When she was four years old, Katie Ganem '13 was bitten by the acting bug. Inspired by watching Les Miserables on PBS and starring in her first play at age eight, Ganem is now a musical theatre major at Nazareth ... and still dreaming of Broadway. Those dreams are closer to becoming reality. Last summer, with the support of friends and family, Ganem and six fellow Naz friends traveled to London, where her one-act play, The Goodbye Song, was performed three times at the International Youth Arts Festival (IYAF), a gathering of young people from ages 5 to 26 showcasing the very best in international youth arts. The play received positive reviews on the IYAF blog as a “must see” play that is “poignant yet witty.”
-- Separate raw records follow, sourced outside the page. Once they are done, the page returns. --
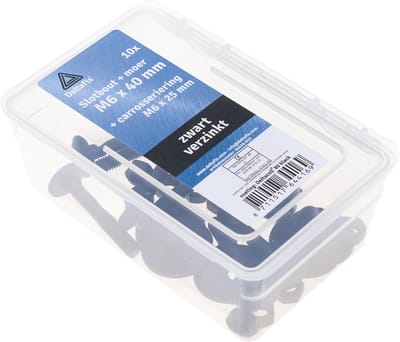 Deltafix slotbout M6 x 40 mm - zwart gecoat - verzinkt - met moer, ring en carrosseriering - 10 stuks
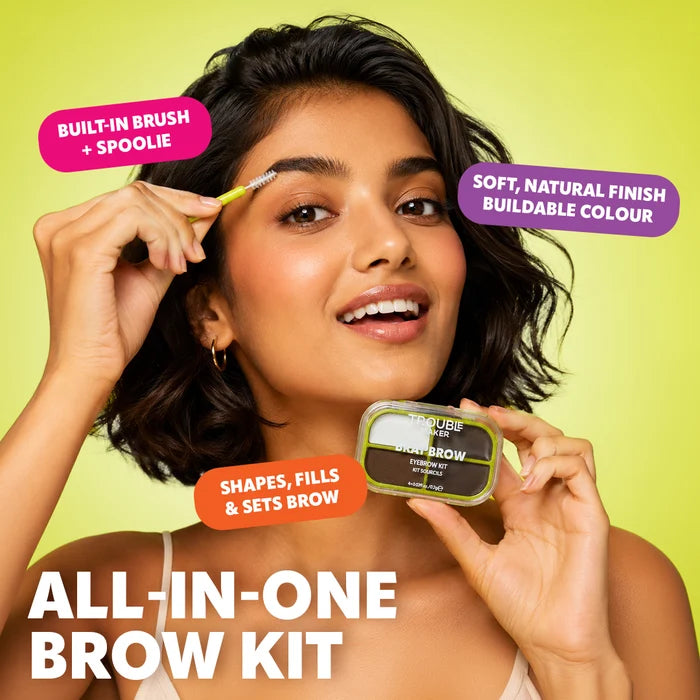 Trouble Maker Brat Brow Kit Dark Brown 4pc Set + 1 Full Size Product Worth 25% Value Free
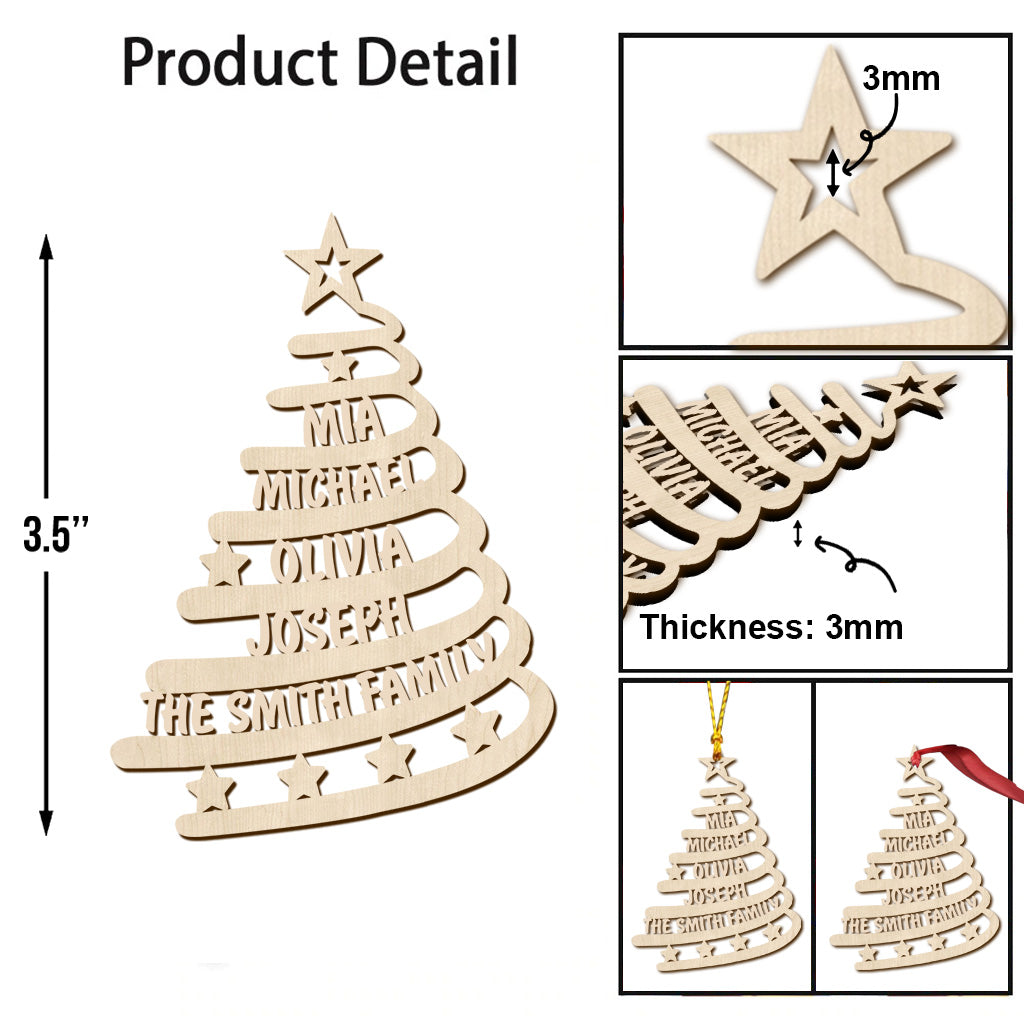Weihnachtsbaum mit Familiennamen – Personalisierter Familienschmuck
Written during Ganem’s freshman year at Nazareth, The Goodbye Song is about a family dealing with the father’s suicide a year after his death. While not autobiographical, Ganem says she has many friends who have been affected by suicide. “I wanted to take a chance and write something with high stakes,” she says of the somber subject matter.
“Katie is a real artist,” says Don Kot, director of the musical theatre program at Nazareth. “The Goodbye Song was put together with such love and care. It is really beautiful.”
Like Ganem, Gloria Gambino ’13 took a chance as well when she wrote and directed SMITH, a play that celebrates the life of her childhood friend, Zach Smith – a Marine who was killed in Afghanistan in 2010. Last September, selections from SMITH were performed at the Rochester Fringe Festival, a weeklong celebration of the performing and visual arts featuring world-renowned performers as well as up-and-comers like Gambino.
In high school, Gambino performed in school plays and participated in community theater. Though she started out her college career as a sociology major with a pre-law minor, most of her Nazareth friends were musical theatre majors, and by her sophomore year she had switched her major to theatre arts.
Nazareth’s department of theatre arts strives to prepare students for the professional theatre and music theatre world. Its program is small enough to provide opportunities students might not get at larger institutions.
“Although Nazareth is a small school, it works to our advantage,” says Ganem. “I’m able to act, direct, write…I don’t have to fit into one hole. And that’s great because theater isn’t about that.”
“The faculty has been incredibly supportive,” says Gambino. “They’ve kept up with what I’m doing on my own, and Nazareth’s office of veterans’ affairs has been wonderful to us when it comes to getting the word out on SMITH.”
"Gloria's energy, passion, and warmth of spirit make her the ideal theatre artist to tell the story of young Zach Smith's tragic death,” says Assistant Professor of Theatre Arts Matthew Ames. “I am confident that SMITH is only the first of many wonderful ideas for the stage that will come out of this talented young lady's head in years to come."
What’s next for Ganem and Gambino? When Ganem returned from London, she kept busy by directing the Summer Playwrights Festival in her hometown of Reisterstown, Md. She is also the artistic director of Open Space Arts, a community arts organization in Reisterstown. Back on campus this fall, she’s currently working on a full-length play. Gambino hopes to finalize the script for SMITH and get it performed outside of the Hornell/Rochester area. “I hope to have built enough opportunities around SMITH to one day take it to New York City or LA. That’s the dream for it.”